Defining India's power elite is a tough task: Sanjaya Baru

Few among the power elite in India seem willing to be classified as such. It seems a very Indian thing, this faux humility. The upper castes claim they no longer are the privileged. Business elites complain that politicians and bureaucrats have more power. Politicians lament that they are beholden to vote banks and money bags. Bureaucrats say they have always been only civil servants. All this adds to the additional complication that in India there are multiple hierarchies of power defined by class, caste, language, culture and so on. So, who are the power elite?

An amusing reaction to my new book, India’s Power Elite: Class, Caste and a Cultural Revolution, has been a universal denial of their elite status and their elitism by the powerful. The IAS will tell you that they are no longer the elite corps they once were and that colleagues in the police and revenue services now rule the bureaucratic roost. Business leaders draw attention to tax raids and regulations to point fingers at politicians as the really powerful. Either money no longer fetches power or far too much of it is demanded in exchange for too little patronage. Military officers argue that they have been excessively subordinated to civilian control. Celebrities in the world of media, academia and even entertainment question my arguments about their power, drawing attention to the many attacks on their freedom by politicians in power. Even a powerful prime minister complains that government officials have become roadblocks and bottlenecks in governance. So, who are India’s power elite?

Illustration: Bhaskaran Illustration: Bhaskaran

When American sociologist C. Wright Mills wrote his classic study on The Power Elite (1956) in the United States, he had no problem identifying who controlled the levers of power in ‘post-war’ America. Business barons, military leaders, wealthy and influential celebrities and well-heeled politicians were Mills’s power elite. “The power elite is composed of men whose positions enable them to transcend the ordinary environments of ordinary men and women; they are in positions to make decisions having major consequences,” wrote Mills. “They are in command of the major hierarchies and organizations of modern society. They rule the big corporations. They run the machinery of the state and claim its prerogatives. They direct the military establishment. They occupy the strategic command posts of the social structure, in which are now centred the effective means of the power and the wealth and the celebrity status which they enjoy.”

Inspired by Mills’s classic, I tried to define the Indian power elite and soon came up against the complexity of our society. Apart from the obvious additional dimension added by caste, the Indian reality presents a matrix of cross-cutting hierarchies that few sociologists have been able to clearly delineate in terms of their power. The socialist leader and political guru of the so-called “other backward classes”, Ram Manohar Lohia, offered a simple definition of who constitutes India’s power elite by identifying three features—upper caste status, inherited wealth and command over the English language.

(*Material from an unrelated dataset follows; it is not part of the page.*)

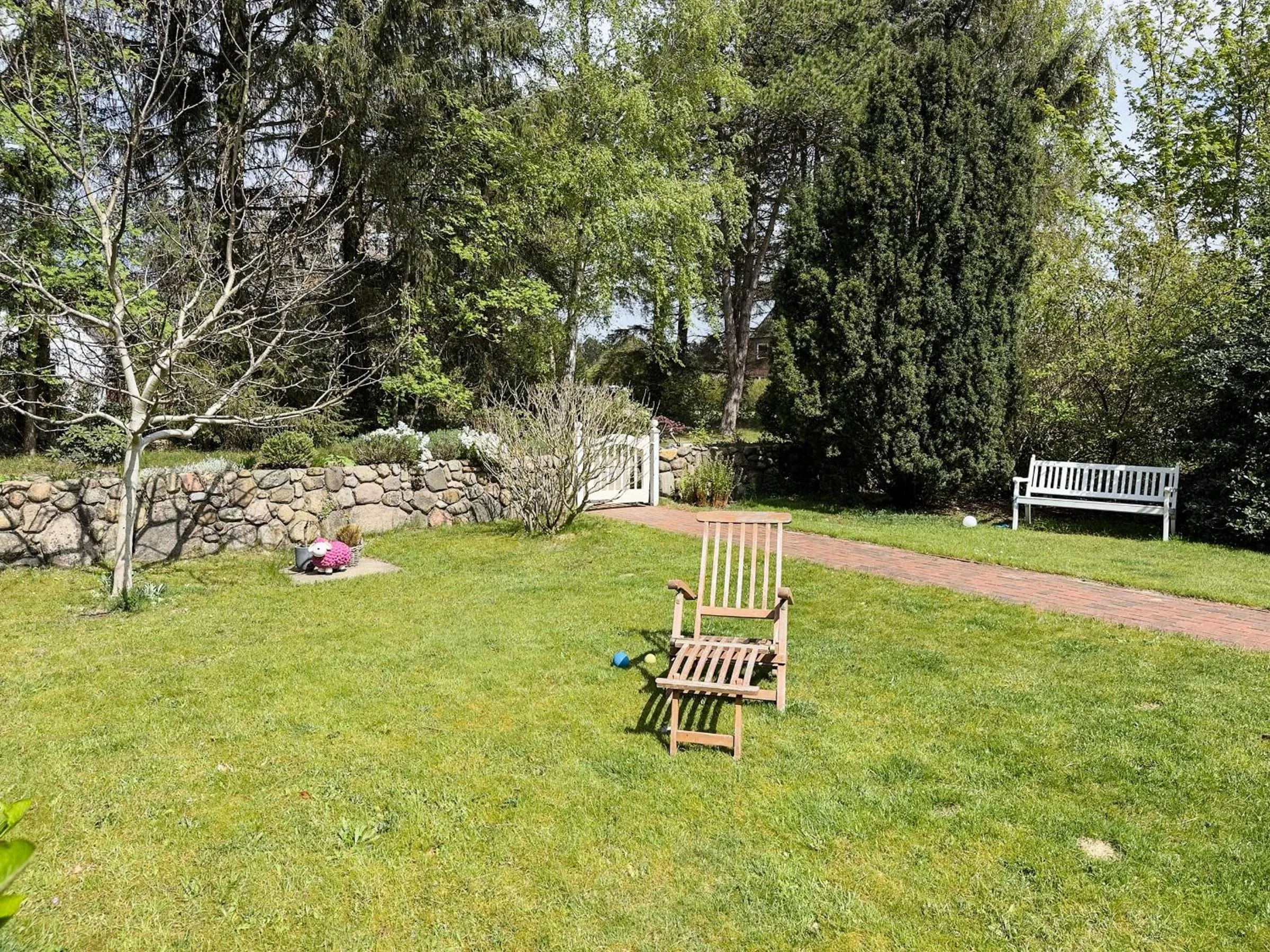 Garden in Haus *Üüs Aran* Wohnung Nr. 6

This simple definition, offered in the 1960s, has been challenged by the social, economic, political and what I define as cultural change over the past half century. Middle castes have acquired as much, if not more, political power as the upper castes; power has yielded wealth for the newly rich; and, English language is no longer such an important social differentiator. Change is afoot and my book tries to capture this change. Interestingly, many from the ‘old elite’ have called to concede the decline in their social standing, but many among the ‘new elite’ are irritated about being so identified.

Baru is an economist and a writer. He was adviser to former prime minister Manmohan Singh.